“Do not inquire too closely into my modus operandi, Countess,” said the Baron. “It must be sufficient for you to know that my success is assured.”
“And what do you ask in exchange for this service?”
“Simply this: that for the next two weeks you will take a walk with me every day for an hour in Vaitzen Street; that you will skate with me an hour in the park; and that each evening you will give me the privilege of escorting you to a different theatre.”
“And is that all?”
“All.”
The Countess yielded willingly to the Baron’s terms. At the end of the fortnight, she received a receipt in full for the payment of her taxes—thirty-two thousand florins—and Baron Meyerbach found Hungarian aristocracy ready to receive him with open arms even within its most inner of inner circles. The Countess had launched him.
The story closed in a burst of laughter, and the diplomat Meyerbach’s health was drunk repeatedly and variously.

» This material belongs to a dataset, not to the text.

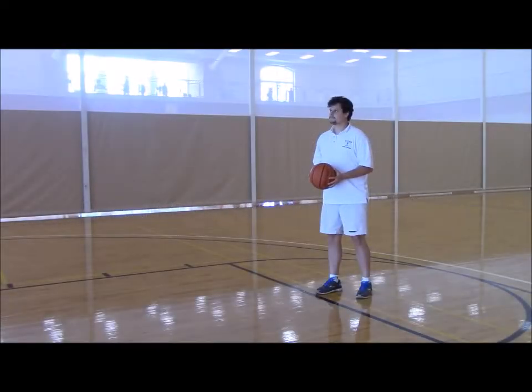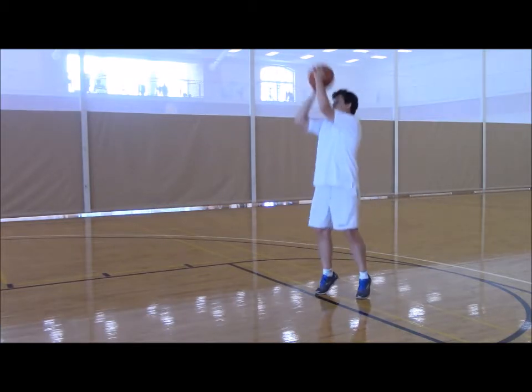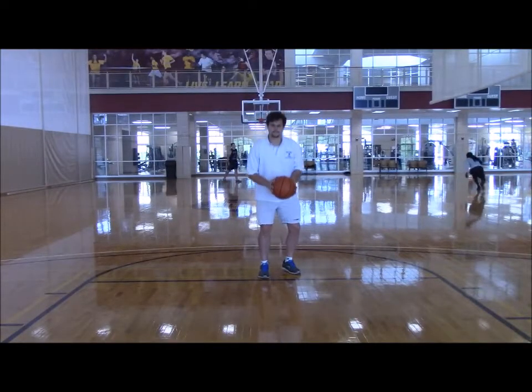As we watch Ben shoot a few more free throws, let's have a quick review. Remember that the first B in BEEF stands for Balance — having good firm balance with one foot out in front of the other, so you have a good base to start your shot off with.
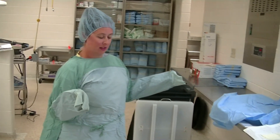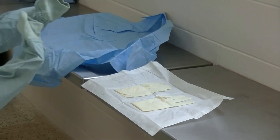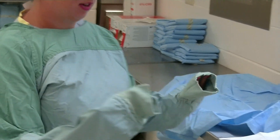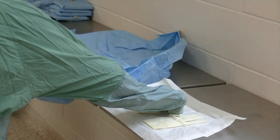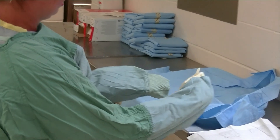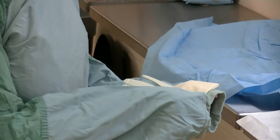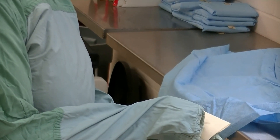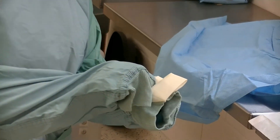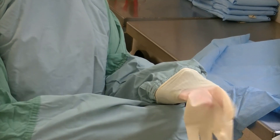Next we're putting on our gloves before doing the final tie of our gown. Make sure your fingertips are fully hidden inside your gown the entire time. I'm going to do my non-dominant hand first — I'm right-handed so I'll reach out with my right hand, grab my left glove, take the thumb side and place it flat down on the cuff of my gown. With your hand still inside your gown, your left hand grabs the inside edge of the glove and pulls it over your entire gown.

Of all the convivial party, De Broda alone was silent. Finally, with Goethe’s words in mind, he said in a low voice: “Everybody seeks money, and everybody clings to it.”
Kronenfels flung his cards noisily on the table, looked savagely at De Broda, and said, with an ugly frown: “Do you imply by that that such a woman as Countess Mara Barovic would willingly let herself be blinded by money?”
De Broda shrugged his shoulders.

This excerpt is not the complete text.